RBA on hold, but dovish guidance likely in store
The RBA has a tough balancing act on its hands when it concludes its policy meeting on Tuesday. On the one hand, recent data have been solid enough to dispel market expectations for an immediate rate cut to support the economy, with the implied probability for such an action currently resting at a lowly 15%. The unemployment rate fell back down to 5.1% in December, retail sales accelerated sharply in November, and inflation picked up in Q4 – even if it remains stubbornly below the RBA’s target range.
However, these are backward-looking data and new risks have emerged. For example, several weeks of raging bushfires across Australia threaten to dampen economic growth. Likewise, the coronavirus epidemic amplifies downside risks for Australia’s economy, not only due to spillover effects from a slowdown in China and falling commodity prices, but also due to the sinister impact this might have on Australia’s tourism industry, which relies heavily on Chinese travelers.
And while the data pulse has improved lately, by no means is it ‘great’. Australian households are among the most indebted in the world, and wages aren’t rising fast enough to ease the debt burden, which is ultimately limiting consumption. Meanwhile, underlying inflation remains stuck in low gear, with little sign of an imminent pick up. The bottom line is that although recent data is good enough to keep the RBA’s hand off the rate-cut button for now, the overall situation suggests the Bank will keep a future rate cut very much on the table.
As for the aussie, even if the RBA doesn’t cut rates this time, the risks around the currency still seem tilted to the downside. The Bank will surely maintain a dovish bias, global risk sentiment remains in the doldrums, and Australia’s close trading ties with China expose its currency to any virus-related weakness in the Chinese economy going forward. Admittedly though, the aussie has already fallen dramatically, so whether or not sellers can break below the 10-year low of 0.6670 in aussie/dollar may be crucial.
The nation’s retail sales for December are also due on Thursday.
Nonfarm payrolls and ISM PMIs might steal the show
In the United States, the upcoming data releases might shape market expectations about whether and how soon the Fed will cut rates again.
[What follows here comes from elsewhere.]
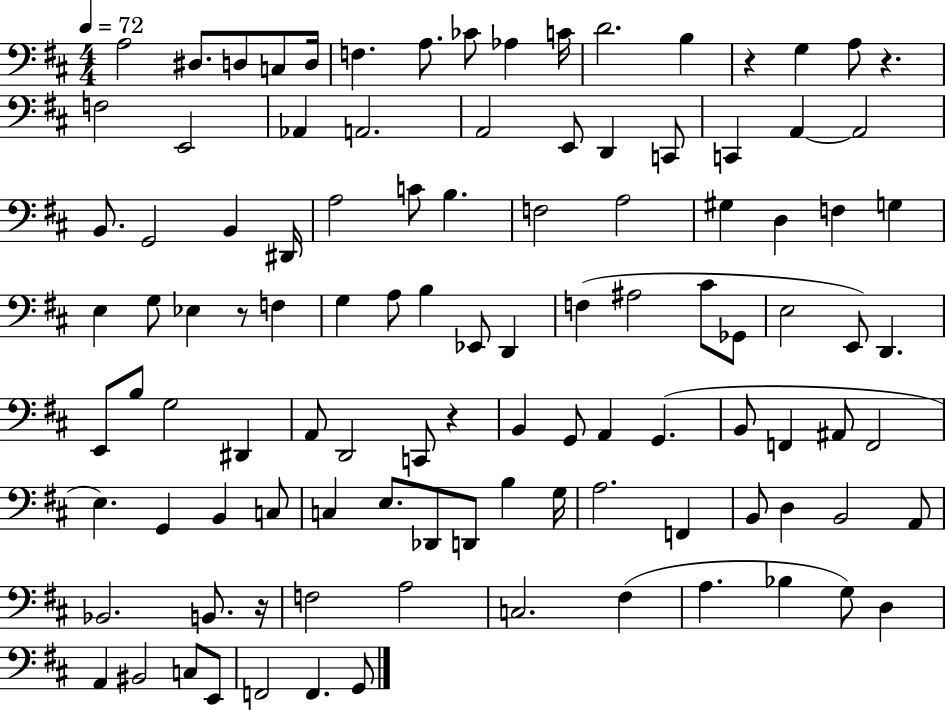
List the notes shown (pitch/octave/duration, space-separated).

A3/h D#3/e. D3/e C3/e D3/s F3/q. A3/e. CES4/e Ab3/q C4/s D4/h. B3/q R/q G3/q A3/e R/q. F3/h E2/h Ab2/q A2/h. A2/h E2/e D2/q C2/e C2/q A2/q A2/h B2/e. G2/h B2/q D#2/s A3/h C4/e B3/q. F3/h A3/h G#3/q D3/q F3/q G3/q E3/q G3/e Eb3/q R/e F3/q G3/q A3/e B3/q Eb2/e D2/q F3/q A#3/h C#4/e Gb2/e E3/h E2/e D2/q. E2/e B3/e G3/h D#2/q A2/e D2/h C2/e R/q B2/q G2/e A2/q G2/q. B2/e F2/q A#2/e F2/h E3/q. G2/q B2/q C3/e C3/q E3/e. Db2/e D2/e B3/q G3/s A3/h. F2/q B2/e D3/q B2/h A2/e Bb2/h. B2/e. R/s F3/h A3/h C3/h. F#3/q A3/q. Bb3/q G3/e D3/q A2/q BIS2/h C3/e E2/e F2/h F2/q. G2/e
The week kicks off with the ISM manufacturing PMI for January being released on Monday, ahead of the non-manufacturing index on Wednesday. Forecasts point to an uptick in both figures, though that would still leave the manufacturing print stuck below 50, signaling continued contraction in the sector.
Then on Friday, all eyes will turn to the employment numbers for January. Nonfarm payrolls are expected to clock in at 156k, mildly higher than the 145k in December, and a number consistent with further tightening in the jobs market. The unemployment rate is forecast to hold steady at 3.5%, while average hourly earnings are anticipated to accelerate slightly to 3.0% on a yearly basis, from 2.9% previously.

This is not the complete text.